West African nations that experienced low or zero incidence of Ebola have already been affected by the Ebola crisis because of their deep connections with the three most affected countries, according to a new UN report released here today.
“The consequences of Ebola are vast,” said Abdoulaye Mar Dieye, the Director of UNDP’s Regional Bureau for Africa. “Stigma, risk aversion and shutting down of borders have caused considerable amounts of damage, affecting economies and communities in a large number of countries across the sub-region”.
According to the United Nations Development Group (UNDG), West Africa as a whole may lose an average of at least US$3.6 billion per year between 2014 and 2017, due to a decrease in trade, closing of borders, flight cancellations and reduced Foreign Direct Investment and tourism activity, fuelled by stigma.
This has also had an important impact on human development.

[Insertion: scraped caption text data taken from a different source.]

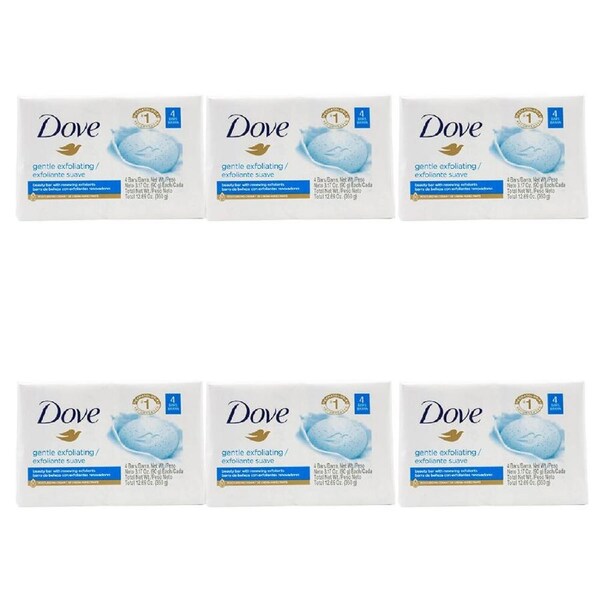 24pc Dove 90G Beauty Soap Bar Shower/Bathroom Body Wash Gentle Exfoliating
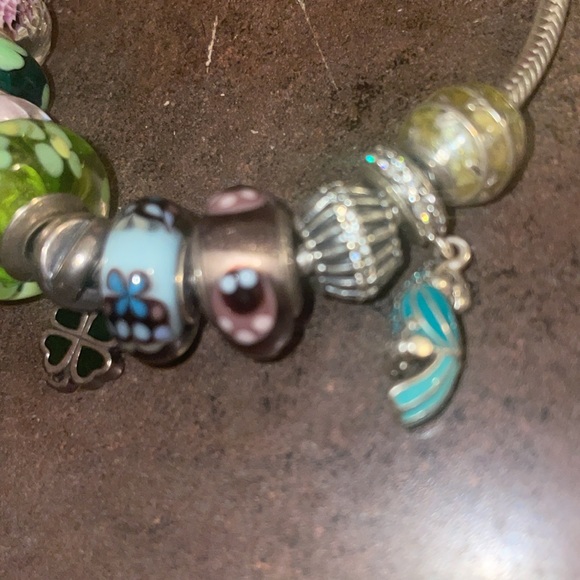 The longer 22 inch size Pandora silver snake style charm necklace with charms - Picture 4 of 4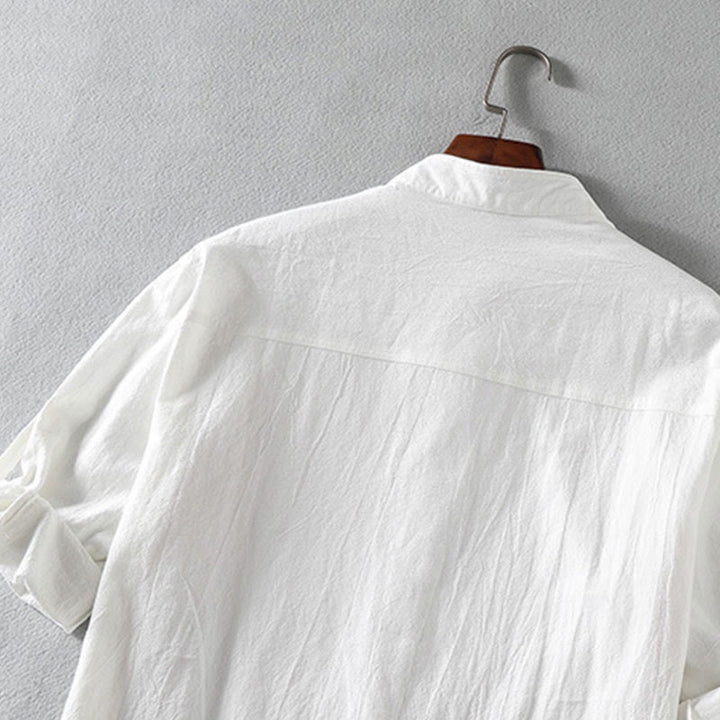 Buddha Stones Vintage Casual Plain Single Breasted Three Quarter Sleeve Men's Cotton Linen Shirt With Pocket - image 4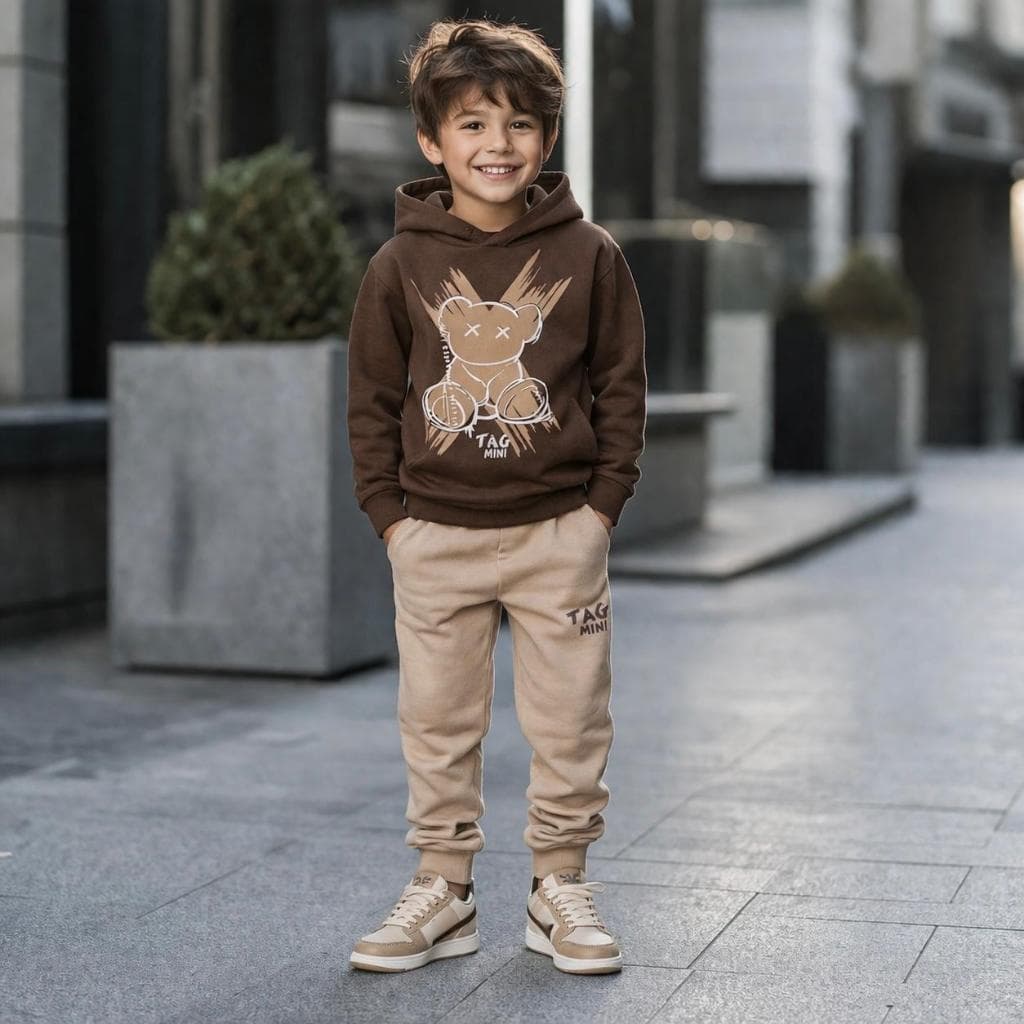 Conjunto Infantil Masculino Casaco com Capuz + Calça Jogger TAG Mini Inverno Roupa de Frio Menino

The region’s per capita income
is expected to fall by US$18.00 per year between 2015 and 2017. In Côte d’Ivoire, the poverty rate has risen by at least 0.5 percentage points because of Ebola, while in Senegal, the proportion of people living below the national poverty line could increase by up to 1.8 percent in 2014. In addition, food insecurity in countries such as Mali, and Guinea-Bissau is expected to increase.
Citing the African Union’s efforts to send doctors from Nigeria and Ethiopia, coordinated efforts by the Mano River Union and ECOWAS’s Regional Solidarity Fund, the report calls for the increased involvement of West African governments and regional institutions to stop the epidemic and help the affected countries to recover.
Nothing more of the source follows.